Monday, January 5, 2009

You should let me love you....

I love the song by Mario, You Should Let Me Love You. Though the center of the song expresses his desire to untimely love that woman who needs to be rescued from her ill love choice, when I listen to at this moment--it's playing right now on my playlist--I hear so much more. When is the last time I really loved myself? Followed my own desired to be fulfilled? Looked to purge and seek self-healing? Maybe it's the new year. Maybe it's the stress from the job. Maybe it's just my own soul yearning to be heard throughout all the madness surrounding me. I say I am at peace at this moment in my life. Though I may not be in the best position in my life, I refuse to stress myself with should've, could've, would've--I can alter nothing with stress! But maybe I do need to tighten the reigns a bit and truly take care of me.

By no means am I considering being selfish--far from. Society tells us when we choose to focus inward we narrow our view of the big picture--not true. If I am just a mess myself who can I help?? Granted I will never be in a position of perfection, I can still choose to be my best. And as I move further into that process I can then move to help others.

My complexity has be wanting to be in multiple places at one time, which is an impossible feat.

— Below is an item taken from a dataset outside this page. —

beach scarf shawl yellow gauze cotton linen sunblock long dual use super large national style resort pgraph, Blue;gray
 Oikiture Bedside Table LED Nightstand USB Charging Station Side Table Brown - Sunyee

So I must choose to lay aside the weight of others and carry my own cross for the moment. It cannot be buried any longer; for I keep making treks back to it and over looking it. I must face it head on now, and love it in its totality for it is all of me.

So I gotta love me. Such a complex task, but thank God I have been equipped to handle it and I don't have to do it alone!

Welcome to 2009!

Remember it only takes one to start a revolution....

P.S. Yes 20 days are up! And he did not leave for California....that's a discussion for another post!